The opinion of the court was delivered by: Ralph Zarefsky United States Magistrate Judge



Plaintiff suffered a crushed left forearm in an accident, and has limited- to-no use of his left arm and hand as a result. Following an administrative hearing, the Social Security Commissioner's delegate, the Administrative Law Judge, ruled that Plaintiff could perform his past work as a contractor. Plaintiff now sues to overturn that decision.

In establishing the statutory scheme governing disability benefits, Congress provided that the determination of facts would be made at the administrative level. Once the matter comes into court, the Court's authority is quite limited. The Court can determine only if the Administrative Law Judge correctly followed the law, and if substantial evidence supported his factual determinations.

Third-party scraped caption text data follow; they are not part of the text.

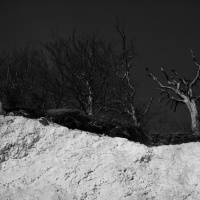 steilkueste-sassnitz-002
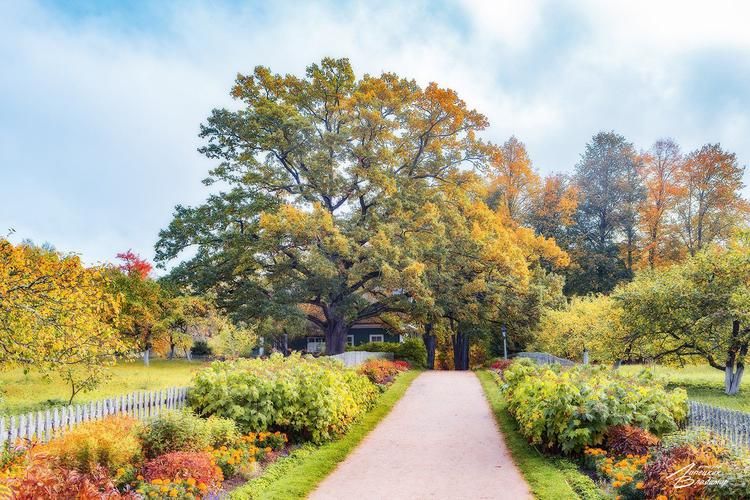 Псков: Стены, что помнят всё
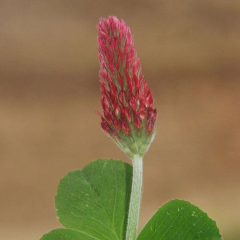 Trifolium incarnatum seeds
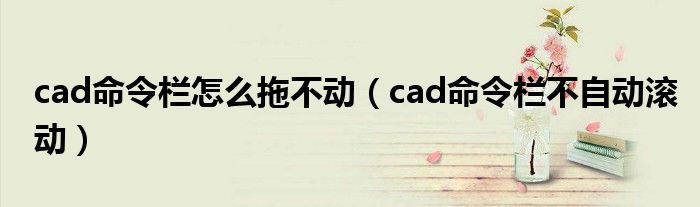 cad命令栏怎么拖不动（cad命令栏不自动滚动）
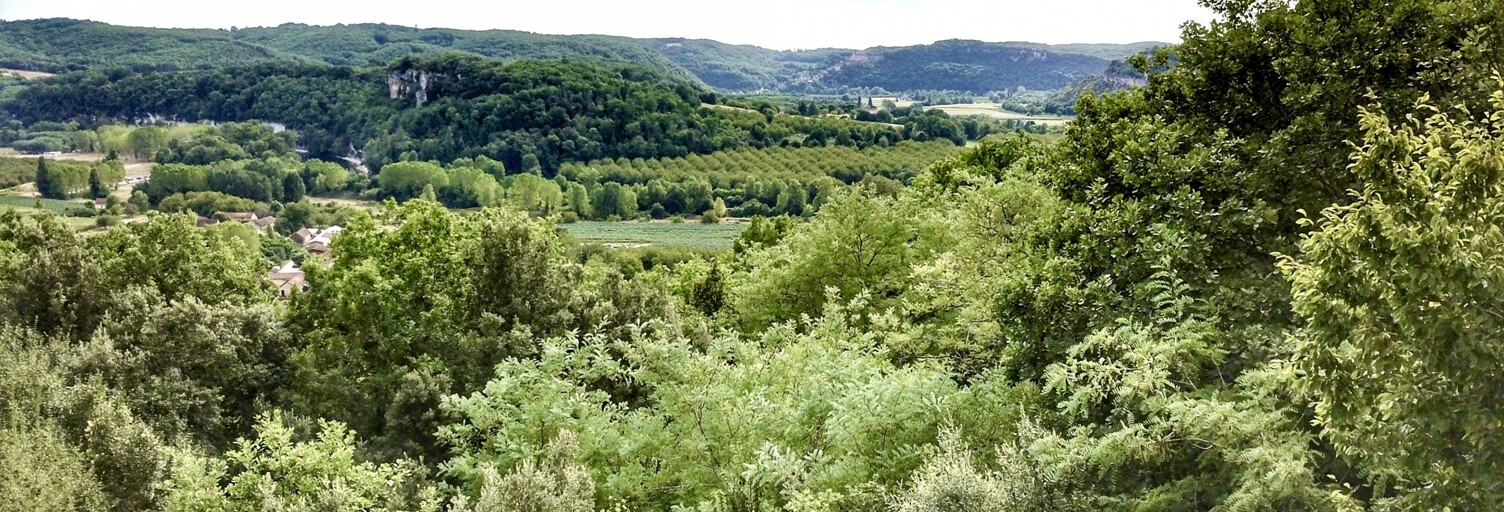 Terrain  6000 m² à vendre à La Roque-Gageac (24250)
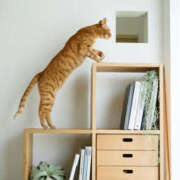 ヒメ日記 2025/05/24 16:04 投稿 れん セクシーキャット 神田店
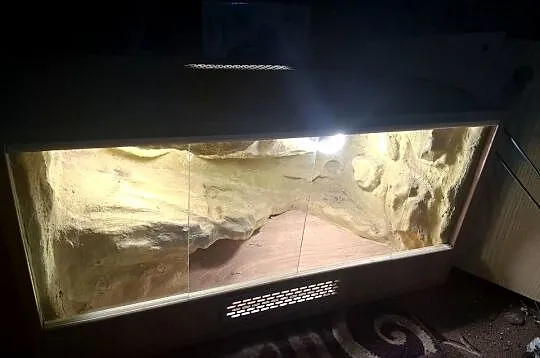 Terrarium Dla Gekona 80x40x40 Pustynne, Śląskie, Sławków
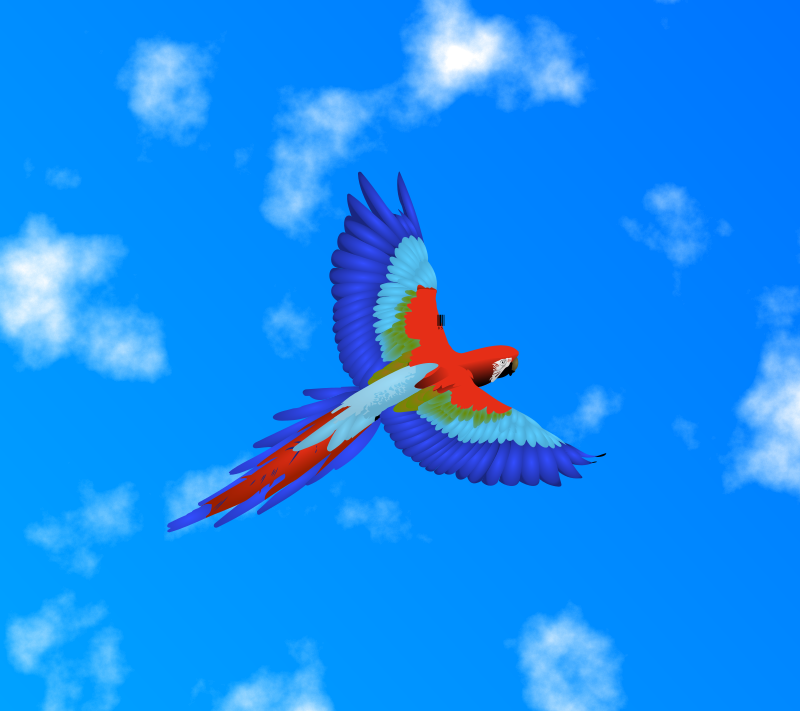 Macaw 2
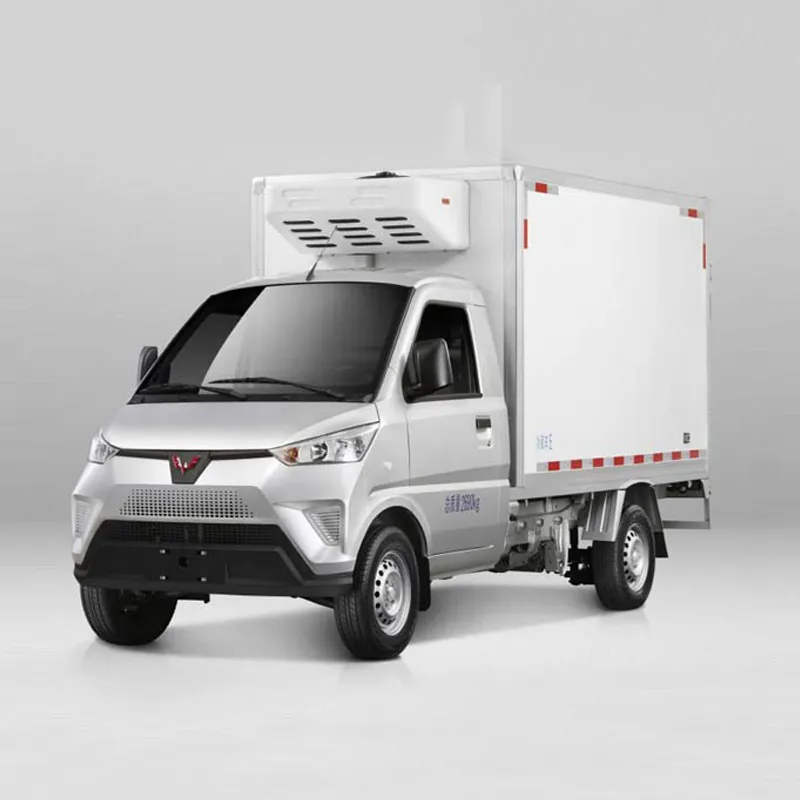 G100P pure electric van transport vehicle G100P-Electr-icrefrigerated-Truck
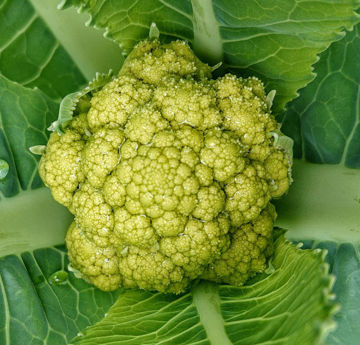 Green Macerata Cauliflower Green Macerata Cauliflower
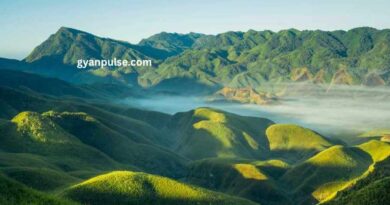 Dzükou Valley Nominated for Global Tourist Destination by Nagaland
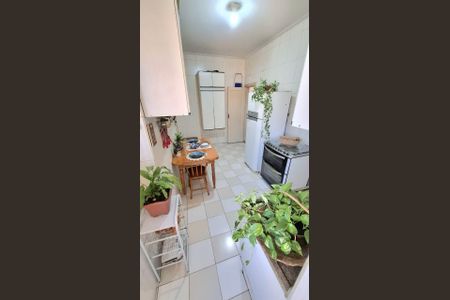 Apartamento à venda com 120m², 3 quartos e sem vagaCozinha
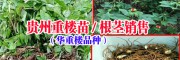 |貴州重樓種植公司|重樓種子種苗◆獨(dú)腳蓮種子種苗 |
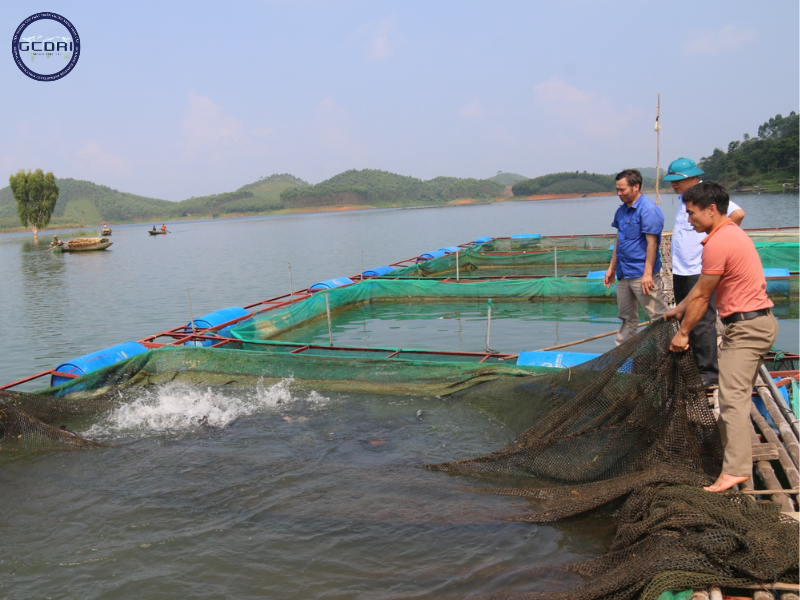 chứng nhận VIETGAP thủy sản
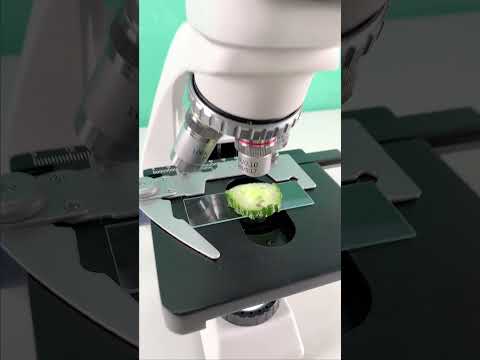 Would you still eat a cucumber after seeing it magnified 400 times? #microscope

If the Administrative Law Judge did not follow the law, or if he made a factual determination without substantial evidence to support it, then the Court can send the matter back to the Social Security Administration for further proceedings or, in rare cases, order that benefits be provided. But if the Administrative Law Judge did his job, then the Court cannot substitute its judgment for that of the Administrative Law Judge, and the Court's task comes to an end. Drouin v. Sullivan, 966 F.2d 1255, 1257 (9th Cir. 1992).

Plaintiff contends that the witnesses and doctors provided by the Social Security Administration gave evidence that he in fact was disabled. The Court has reviewed the record thoroughly and does not agree with Plaintiff. The vocational expert who testified at the hearing stated that Plaintiff could not perform any jobs under certain hypothetical conditions - that he would be off task twenty percent of the time due to pain. [Administrative Record "AR" 63] The Administrative Law Judge, however, did not accept that Plaintiff would have to be off task that much due to pain. He did not believe that Plaintiff suffered as much pain as Plaintiff asserted.

Pain is idiosyncratic; what one person tolerates, another person cannot. Since pain cannot be measured objectively, the law provides that when an administrative law judge disbelieves a claimant about the extent of his claimed pain, then the administrative law judge must give specific and legitimate reasons for his determination. Bunnell v. Sullivan, 947 F.2d 341 (9th Cir. 1991) (en banc); Smolen v. Chater, 80 F.3d 1273 (9th Cir. 1996). Here the Administrative Law Judge did so. He stated that the Plaintiff's criminal past made his credibility suspect; a person's criminal history is recognized by the law as a basis for questioning the credibility of a witness. The Administrative Law Judge also stated that Plaintiff was able to undertake various activities that were inconsistent with the kind of debilitating pain that Plaintiff described. [Id.] In making these findings, the Administrative Law Judge acted within his authority; it is not for the Court to say that he was wrong. The fact that there may be other interpretations of a claimant's testimony that are reasonable does not mean that the ALJ erred. As long as the ALJ's interpretation is reasonable and is supported by substantial evidence, it is not the role of the Court to second-guess it. Rollins v. Massanari, 261 F. 3d 853, 857 (9th Cir. 2001).

Properly understood, then, the record does not support Plaintiff's assertion that the witnesses testified that he could not perform any work.

Plaintiff also asserts that the Court's own doctor verified his permanent condition. Following the administrative hearing, the Social Security Administration sent Plaintiff to an orthopedist for a consultation. That consultant did verify that Plaintiff had limited use of his left hand, but he nevertheless stated that Plaintiff retained the capacity to lift and carry up to ten pounds frequently and up to 20 pounds occasionally, and that he even could use his left hand occasionally. [AR 232-38] The consultant did not opine that Plaintiff could not work.

Nor did Plaintiff's own doctor, despite Plaintiff's assertion to the contrary. Rather, Plaintiff's own doctor, while stating that Plaintiff could not use his left arm, stated that it was expected that Plaintiff could return to work for an eight-hour day. [AR 229]

There being no error of law, and the record containing substantial evidence supporting the Administrative Law Judge's findings, the decision of the Commissioner is affirmed.